When ready to make a shake, take ¼ cup of the seed mixture from the freezer and place in a blender or coffee grinder. Blend until of a powdery consistency. Add all other ingredients to the blender, except for the essential fatty acids. Blend well. As a final step only, add the oil and mix gently with either a spoon or blend only briefly in the blender. The oil damages easily, and therefore should not be blended or mixed excessively.

Drink immediately.

Avocado Salsa

Ingredients

1/2 cup cooked or canned corn niblets
1/4 cup olives (your choice) chopped
1/2 small red bell pepper, chopped
1/2 small onion, chopped
1 clove garlic, minced
1 Tbsp. olive oil
1 Tbsp. lemon juice
1/2 tsp. dried oregano
1/8 tsp pepper
1 avocado, diced

In a large bowl, combine the corn, olives, red pepper and onion.
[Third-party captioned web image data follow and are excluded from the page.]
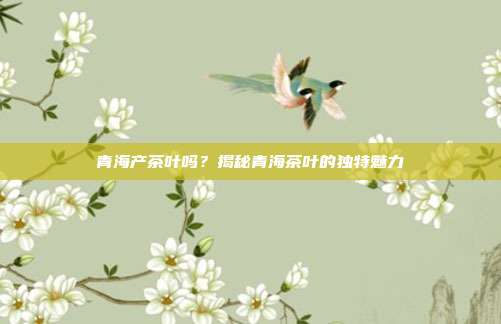 青海产茶叶吗？揭秘青海茶叶的独特魅力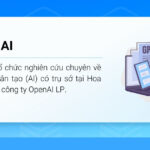 OpenAI là gì? 16 dự án nổi bật của OpenAl đã thực hiện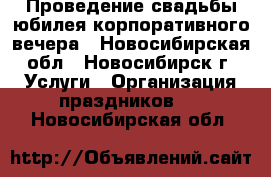 Проведение свадьбы,юбилея,корпоративного вечера - Новосибирская обл., Новосибирск г. Услуги » Организация праздников   . Новосибирская обл.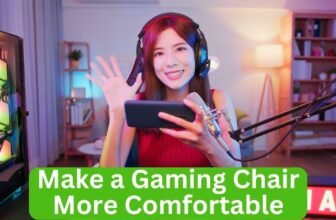 How to Make a Gaming Chair More Comfortable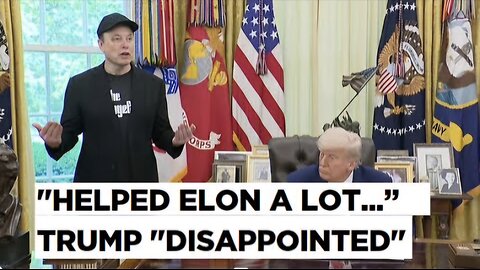 All of a sudden, He had a Problem Trump Slams Musk's Criticism Of Big, Beautiful Budget Bill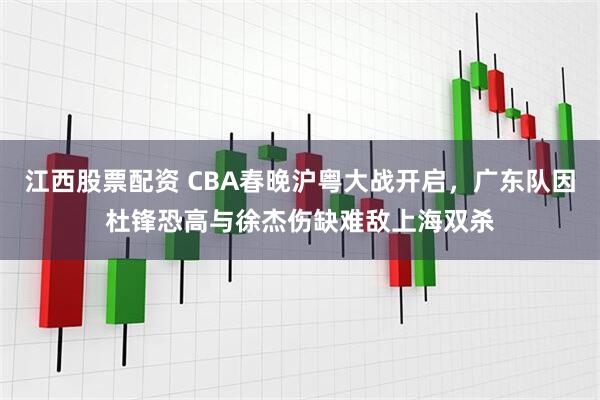 江西股票配资 CBA春晚沪粤大战开启，广东队因杜锋恐高与徐杰伤缺难敌上海双杀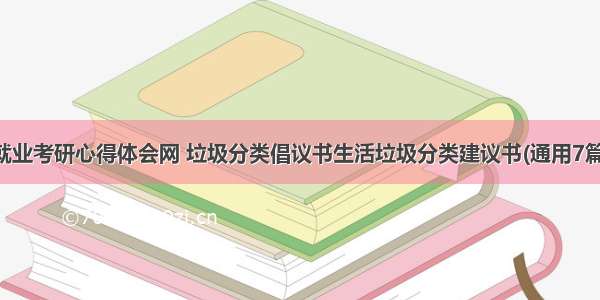 就业考研心得体会网 垃圾分类倡议书生活垃圾分类建议书(通用7篇)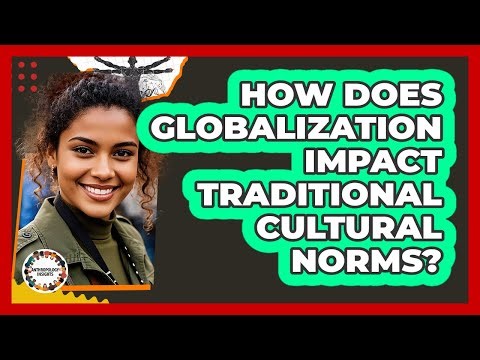 How Does Globalization Impact Traditional Cultural Norms? - Anthropology Insights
In a small bowl, whisk together the garlic, olive oil, lemon juice, oregano, salt, and pepper. Pour the dressing over the salsa. Stir in the avocado just before serving.

Cashew Cream Cheese

Ingredients

1 cup cashews
1 cup filtered or distilled water
2 tbsp herbs of choice
2 tbsp dill, fresh

Soak cashews in water overnight. Pour half of the water into the blender and slowly add cashews. Season with herbs. Chill for a few hours to thicken.

Servings 5-8

Curry Dressing

Ingredients

3/4 cups yogurt
1/3 cup citrus juice
1 Tbsp. honey
2 tsp. curry powder
2 drops hot sauce
1/8 tsp. salt
1/8 tsp. pepper

Mix together all ingredients. Servings: 6

Garlic Chickpea Dip

Ingredients

1 can (approx. 400g) of cooked chick peas (or you can soak overnight and cook 1 cup of dried chick peas)
2 Tbsp. olive oil
1-2 cloves of fresh garlic
2 Tbsp. tahini (sesame paste)
Juice of 1 lemon
Water to blend
Salt and pepper to taste

Place all ingredients in a food processor and blend until fairly smooth—you may need to keep adding water bit by bit until you get the consistency you want.

Raita

Ingredients

1 tomato—diced finely
¼ small red onions—diced finely
Handful of cilantro—diced finely
½ tsp. salt
1 cup yogurt
1 tsp. cumin—to taste

Mix together all ingredients. Good for steamed veggies, salads, rice, with curry

Soy Seasoning

Ingredients

½ cup Bragg’s (non-fermented soy sauce)
½ cup flax/Udo/hemp oil
½ lemons—squeezed

Mix together all ingredients. Good on steamed veggies, salads

Immune Boosting Soup

Ingredients

6 cups water
3 Tbsp. chopped ginger
10 chopped scallions
1 brick tofu, cubed
3 cups of bean sprouts
3 Tbsp. Tamari
½ tsp. red pepper
1 tsp. paprika or ½ tsp. cayenne pepper
1 head of garlic
Juice of 1 lemon

Coat the inside of a wok or pan with olive oil and simmer for 15-20 minutes.